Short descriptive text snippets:
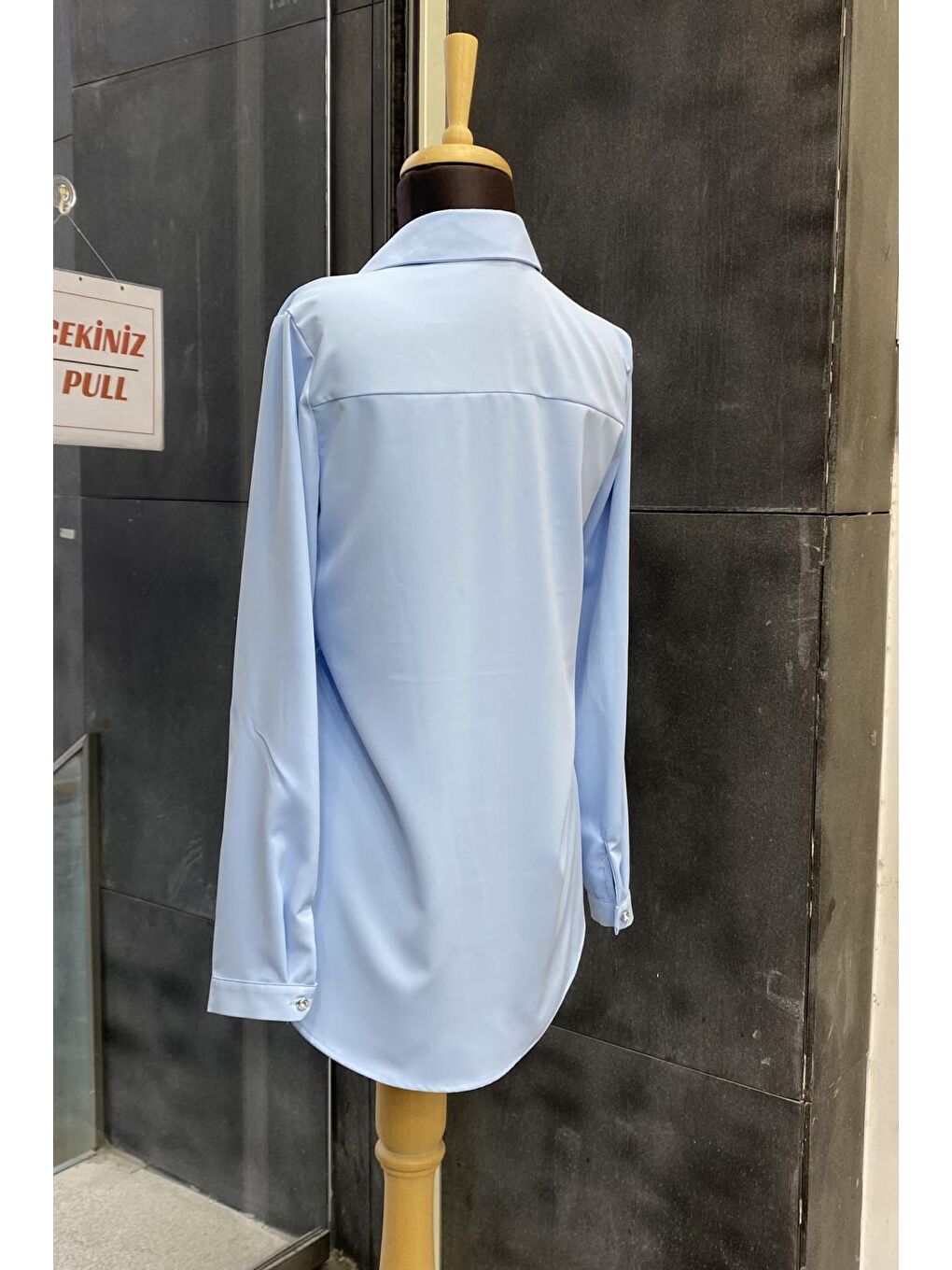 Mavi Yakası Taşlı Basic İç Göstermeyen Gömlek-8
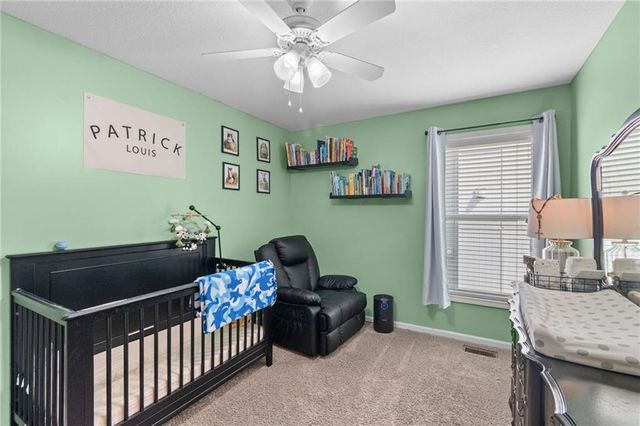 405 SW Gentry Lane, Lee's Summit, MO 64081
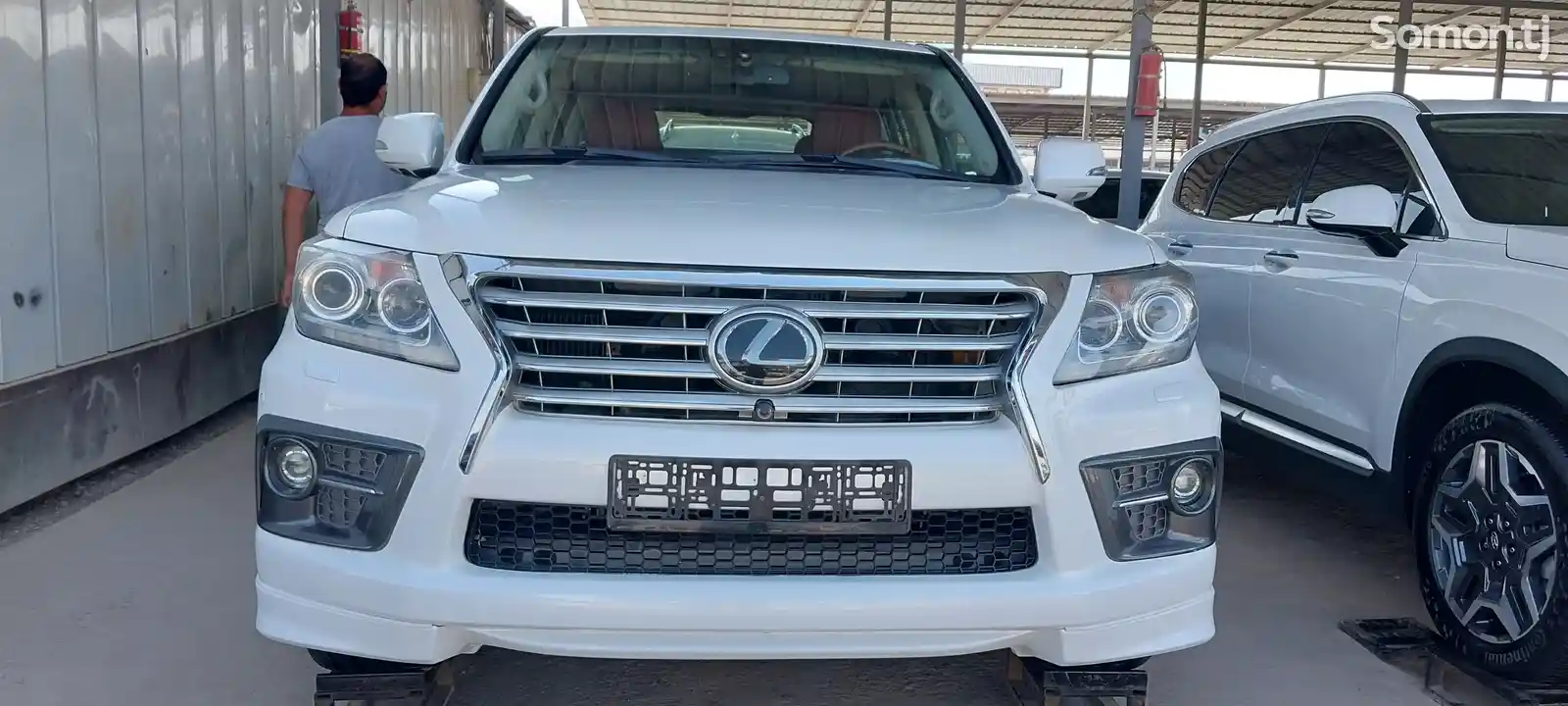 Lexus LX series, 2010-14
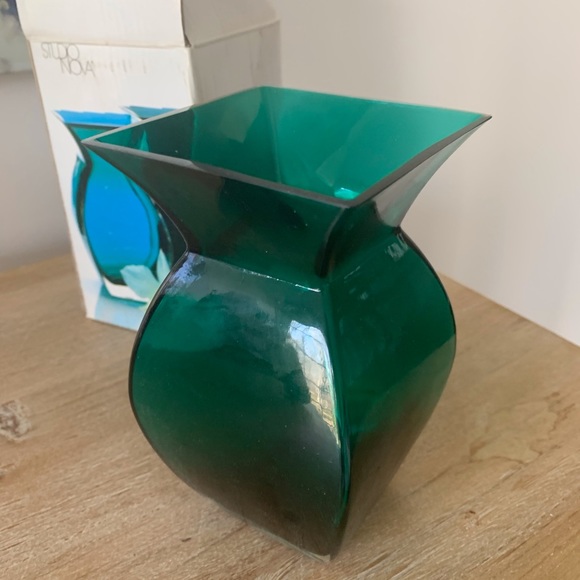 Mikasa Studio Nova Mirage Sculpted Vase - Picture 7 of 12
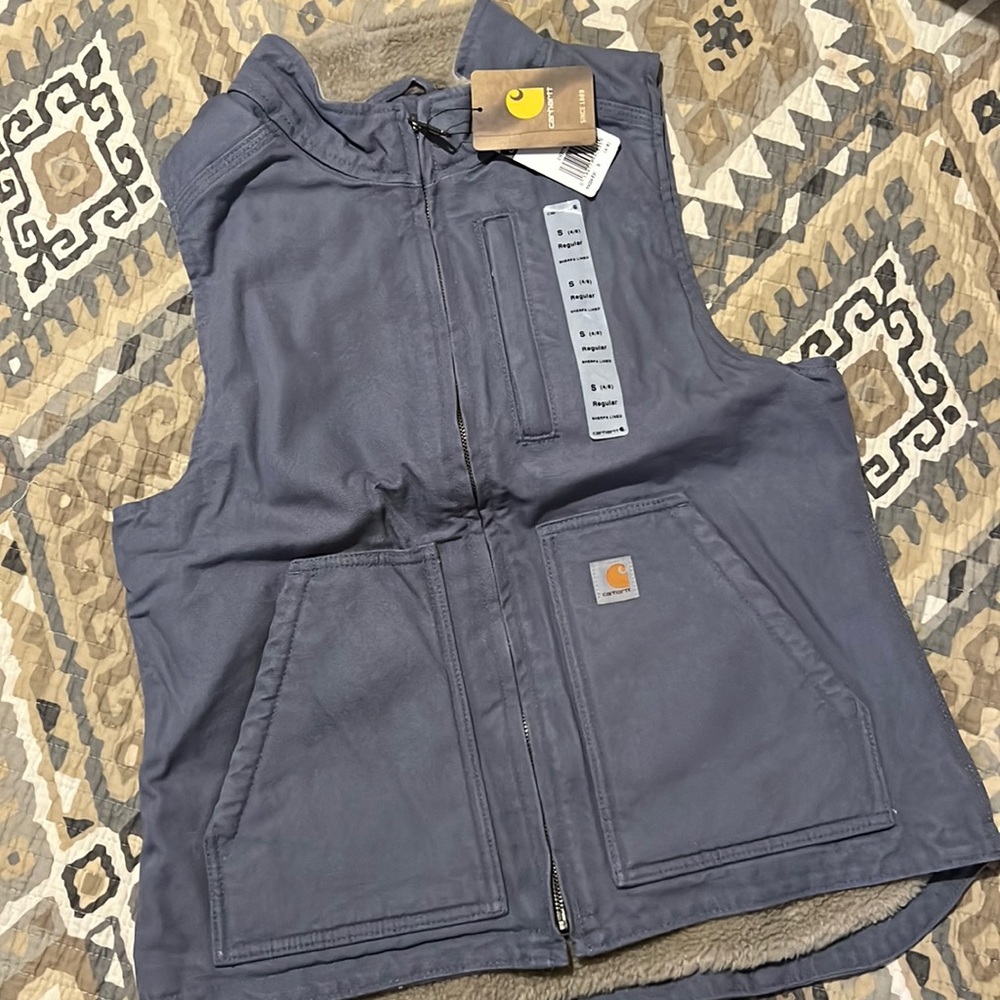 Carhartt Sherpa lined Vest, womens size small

## Problem requirements
Set the records down again precisely, skipping every image.

## Solution to this task
 Mavi Yakası Taşlı Basic İç Göstermeyen Gömlek-8
 405 SW Gentry Lane, Lee's Summit, MO 64081
 Lexus LX series, 2010-14
 Mikasa Studio Nova Mirage Sculpted Vase - Picture 7 of 12
 Carhartt Sherpa lined Vest, womens size small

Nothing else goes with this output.